On February 10, 2008, the National Association of Recording Arts and Sciences awarded him the Trustees Award.

On October 7, 2016, Avant received a star on the Hollywood Walk of Fame for his contributions in the recording industry, located at 6363 Hollywood Boulevard, next to Jimmy Jam and Terry Lewis' star.

In February 2018, Avant received the President's Merit Award as a Grammy Icon at the Clive Davis Pre Grammy Gala in Los Angeles.

On May 12, 2021, the Rock and Roll Hall of Fame announced that Avant received the Ahmet Ertegun award and will be inducted to the 2021 class. Previous inductee Bill Withers, as well as Vice President Kamala Harris and former President Barack Obama spoke about Avant's impact in a video package.

== Personal life ==
In 1967, Avant married Jacqueline "Jackie" Alberta Gray. The couple had two children; Nicole and Alexander.
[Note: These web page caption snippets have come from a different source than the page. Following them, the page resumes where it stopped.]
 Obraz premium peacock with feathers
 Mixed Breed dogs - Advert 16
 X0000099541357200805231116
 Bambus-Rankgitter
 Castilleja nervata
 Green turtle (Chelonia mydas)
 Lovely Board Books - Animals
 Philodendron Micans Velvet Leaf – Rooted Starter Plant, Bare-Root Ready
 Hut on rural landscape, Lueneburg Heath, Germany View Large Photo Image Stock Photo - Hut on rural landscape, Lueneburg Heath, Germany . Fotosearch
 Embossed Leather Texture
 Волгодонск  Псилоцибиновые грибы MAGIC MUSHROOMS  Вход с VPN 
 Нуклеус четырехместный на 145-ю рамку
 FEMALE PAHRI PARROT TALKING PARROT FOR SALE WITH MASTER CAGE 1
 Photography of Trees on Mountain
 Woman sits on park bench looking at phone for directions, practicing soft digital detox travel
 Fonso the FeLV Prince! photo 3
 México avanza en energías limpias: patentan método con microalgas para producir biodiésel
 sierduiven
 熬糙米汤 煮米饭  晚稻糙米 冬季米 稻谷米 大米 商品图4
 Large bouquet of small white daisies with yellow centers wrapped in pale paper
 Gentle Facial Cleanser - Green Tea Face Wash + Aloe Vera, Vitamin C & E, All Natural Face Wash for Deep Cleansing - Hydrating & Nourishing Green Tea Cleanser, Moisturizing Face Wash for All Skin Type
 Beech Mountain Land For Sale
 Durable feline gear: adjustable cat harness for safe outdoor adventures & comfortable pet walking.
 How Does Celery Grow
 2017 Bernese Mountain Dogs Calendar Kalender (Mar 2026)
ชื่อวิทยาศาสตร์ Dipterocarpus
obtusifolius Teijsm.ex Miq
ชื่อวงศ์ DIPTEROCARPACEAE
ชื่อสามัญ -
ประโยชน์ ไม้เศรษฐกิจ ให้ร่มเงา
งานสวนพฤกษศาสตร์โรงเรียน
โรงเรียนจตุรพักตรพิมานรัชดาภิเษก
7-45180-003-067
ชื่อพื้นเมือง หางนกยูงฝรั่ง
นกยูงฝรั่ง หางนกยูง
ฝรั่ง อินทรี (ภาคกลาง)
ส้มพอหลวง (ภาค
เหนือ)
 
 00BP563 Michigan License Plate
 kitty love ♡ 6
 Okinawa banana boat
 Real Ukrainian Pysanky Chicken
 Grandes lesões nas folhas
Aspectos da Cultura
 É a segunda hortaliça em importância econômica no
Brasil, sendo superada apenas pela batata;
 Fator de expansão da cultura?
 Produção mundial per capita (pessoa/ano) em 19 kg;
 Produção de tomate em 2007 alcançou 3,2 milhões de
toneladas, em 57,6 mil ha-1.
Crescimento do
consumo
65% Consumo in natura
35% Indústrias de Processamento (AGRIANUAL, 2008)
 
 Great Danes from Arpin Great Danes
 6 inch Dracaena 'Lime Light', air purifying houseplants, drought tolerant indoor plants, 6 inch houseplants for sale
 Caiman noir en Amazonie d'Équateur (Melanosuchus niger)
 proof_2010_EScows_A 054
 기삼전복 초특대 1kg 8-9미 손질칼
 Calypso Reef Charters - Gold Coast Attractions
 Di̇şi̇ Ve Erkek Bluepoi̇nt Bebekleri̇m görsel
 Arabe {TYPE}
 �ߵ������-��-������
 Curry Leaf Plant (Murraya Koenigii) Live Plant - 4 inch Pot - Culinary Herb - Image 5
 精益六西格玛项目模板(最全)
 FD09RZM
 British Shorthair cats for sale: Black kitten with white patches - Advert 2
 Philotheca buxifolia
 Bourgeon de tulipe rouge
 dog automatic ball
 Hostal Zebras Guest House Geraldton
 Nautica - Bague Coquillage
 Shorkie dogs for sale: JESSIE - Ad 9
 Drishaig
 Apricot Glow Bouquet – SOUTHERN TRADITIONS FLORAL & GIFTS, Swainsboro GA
Nicole Avant is a former United States Ambassador to the Bahamas, and wife of Netflix executive Ted Sarandos, who produced the Netflix documentary The Black Godfather about her father's music industry career and his influential role advocating for Black artists and athletes.

Jackie Avant served as president of the Neighbors of Watts, the support group for the South Central Community Child Care Center in 1975, entertainment chairman of the NOW benefit auction and dinner dance, and chairwoman of NOW membership in 1974. She was also on the board of directors of the International Student Center at UCLA. She was shot and killed on December 1, 2021, at age 81, during a home invasion at the couple's residence in Beverly Hills, California.

Avant's 75th birthday was celebrated by Billboard in its February 2006 issue.

Clarence Avant died at his home in Los Angeles on August 13, 2023, at the age of 92.